For the avid fashion-lover, the months of February and September that bring along another seasonal set of Fashion Weeks have gotten better and better over the past few years. More shows than ever are available to view online shortly after they're presented to a crowded house of press, buyers and guests, and the more technologically advanced of the houses are even streaming their shows live nowadays. Granted that the live streamings don't always work until after the shows due to high demand, the changes in global fashion weeks are leaving fashionistas without invites content, whilst members of the industry ponder whether they're worth visiting after all.
Why, you might ask? When from the eye of a fashion fan everything seems so glamorous, the dramatic changes we've witnessed over the past decade, or possibly even over the past five years have left a dramatic change on the industry, with technology putting incredible pressure on press, and the recent 'celeb culture' trend making it a less enjoyable experience. Whilst only last week New York Times critic Cathy Horyn expressed her disappointment at the end of Milan Fashion Week - branding it "an eternity of bad clothes crammed into four days with editors raging like shut-ins about the lack of fun" - it seems T Magazine's Stefano Tonchi isn't best pleased with the experience, either.
"The problem with international fashion weeks and their legitimacy is a larger one now that fashion moves so fast and is a full-on entertainment machine. Are biannual fashion shows really the way to present fashion when stores need new merchandise every week? When there are so many collections presented throughout the year, when fragrances and other accessories and products are so important to the life of the brand, what does it mean to run across the planet to see similar collections over and over again every six months?" Tonchi wrote on the T Magazine blog on Wednesday.

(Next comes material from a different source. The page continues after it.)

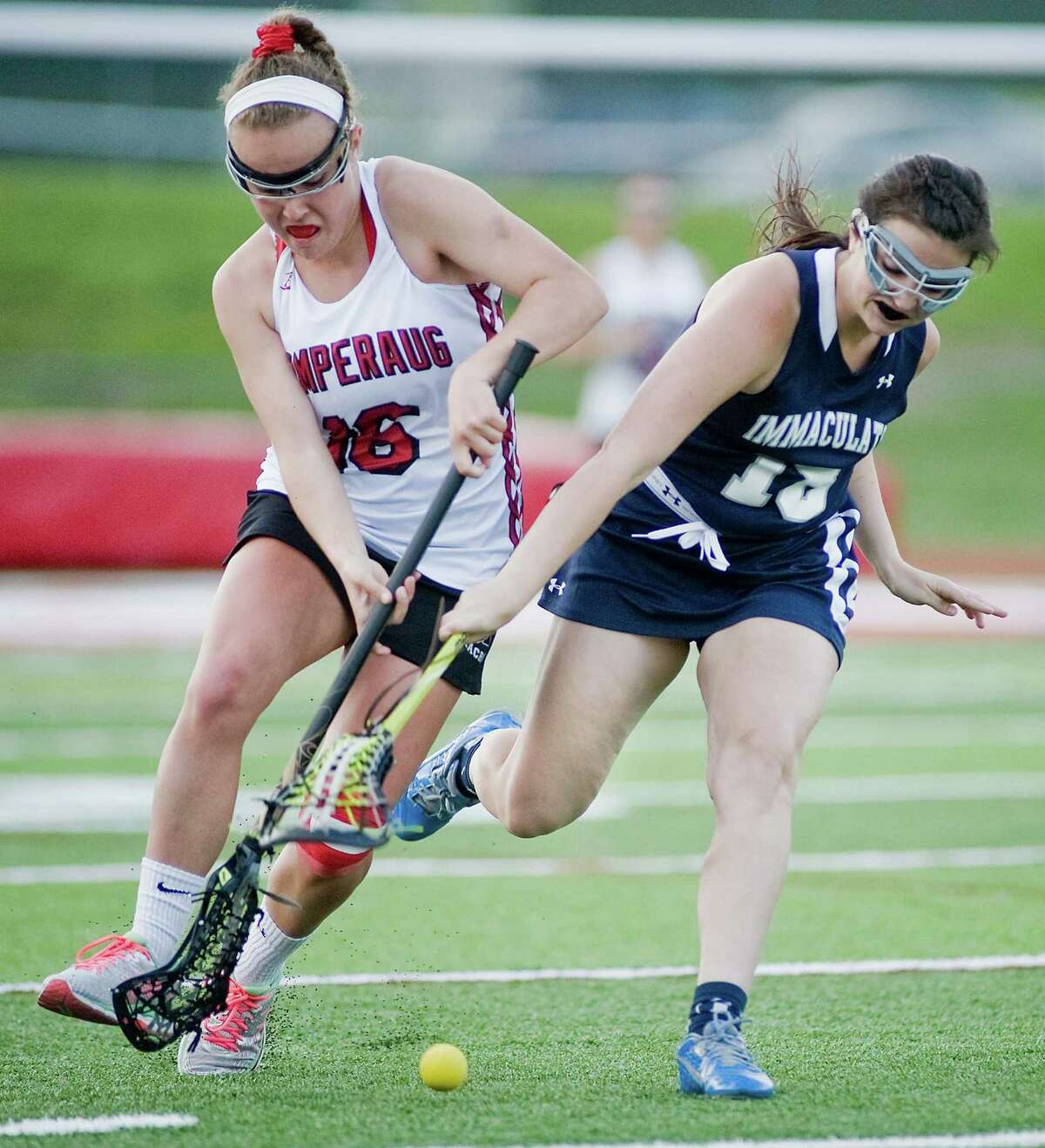 FILE PHOTO: Pomperaug High School's Hayley McCormick and Immaculate High School's Madeleine Wedvik fight for the ball during a game at Pomperaug. Tuesday, May 10, 2016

"Shouldn’t we rethink the whole system and have fewer fashion weeks and instead more showroom meetings with buyers and fashion market editors? Shouldn’t designers take more time to really work on ideas and to research new fabrics and shapes and show only when they are ready and have something new to say? Shouldn’t their marketing teams make better use of the budgets for what really is significant to the life of the brand?"
In the case of Tonchi, this isn't just about the Olympic-worthy hurdles that an editor might have to overcome these days to find his or her seat, amongst a crowd of snapping photographers at the latest headline-grabbing celebrity to sit front-row - this is also about the speed of fashion, and whether a seasonal set of fashion weeks are even relevant in today's ridiculously fast-paced industry.

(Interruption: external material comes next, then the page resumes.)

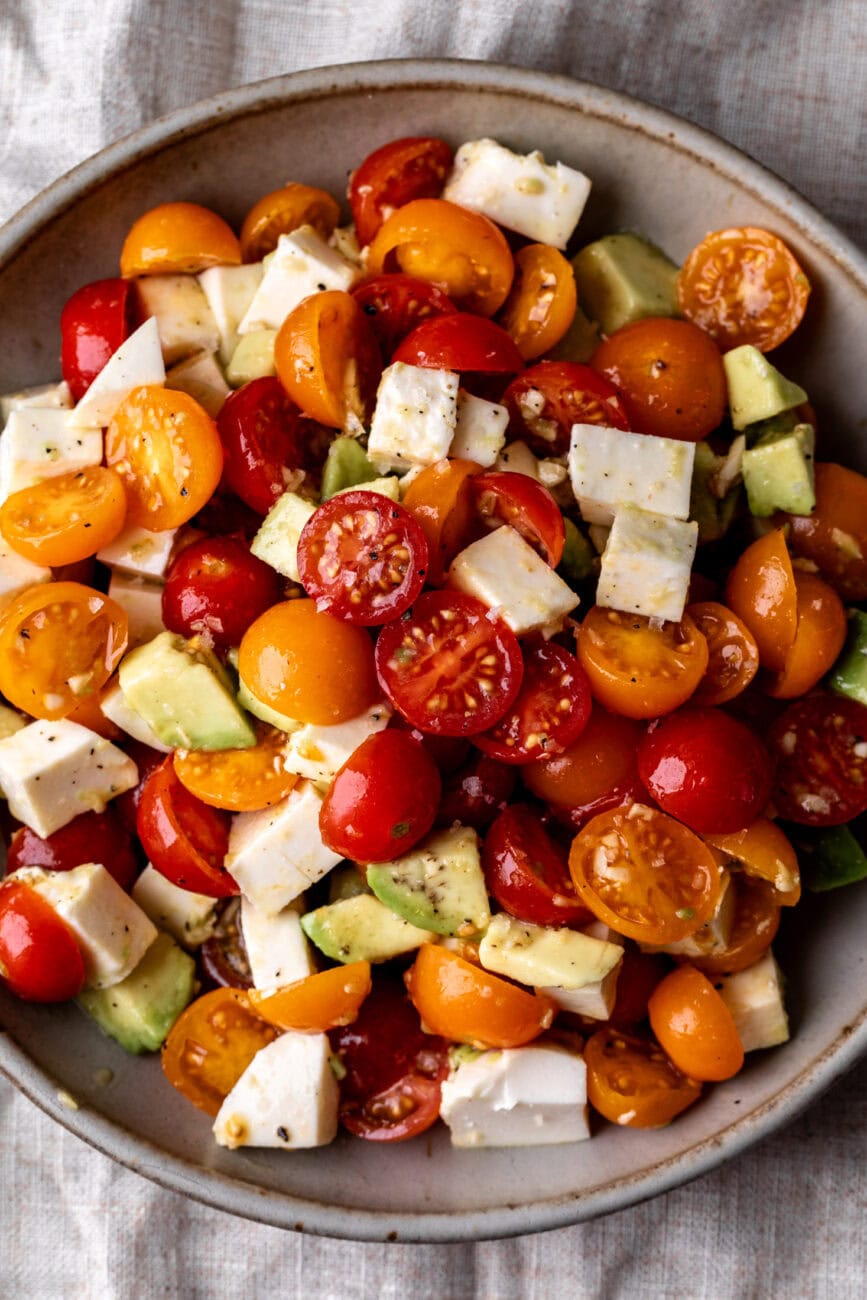 tomato avocado mozzarella simple salad closeup.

While London Fashion Week was in full swing, Angela Buttolph spoke of the changes of fashion weeks - how it used to be an ever-so-simple case of allocating members of your team tickets, which they would then write about, and how nowadays each member gets a long list of who is expected to Tweet the show, who is blogging it, and so on. Then we have poor Grace Coddington, who recently expressed her struggle to keep up with the rate of technology, and more recently Andre Leon Talley and Coddington rejecting the idea of using Twitter and Facebook claiming that the fast-paced sites go against the essence of time and luxury at Vogue (only for ALT to try Twitter, to see what the fuss was about).

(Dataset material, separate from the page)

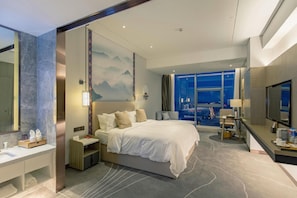 A modern hotel room with a large bed, a desk, a TV, and a view of the cityscape at night. - Argyle Hotel (Honghe)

"If you do something fast — which is what all those things make you do because you’re spending your whole time reading and then it's outdated in 10 minutes or something — I don’t think that’s good for fashion because we are, we’re trying to speed up all those poor designers so they have 15 collections a year, and it’s stupid because how many dresses can you wear?" Coddington expressed in her outpour. "It makes them do it not so well, or they have a breakdown, as just very sadly happened. Alexander McQueen killed himself, and that’s part of that hysteria. It breaks my heart.”
Ironically, only time will tell if fashion designers take note at the disdain of those who write about their collections, and begin to slow the pace down. In the meantime with only a few more days of Paris Fashion Week left, there will be a good chance for worn out press, buyers and designers alike to take a break and rekindle their fire for the fashion circus, just in time for September.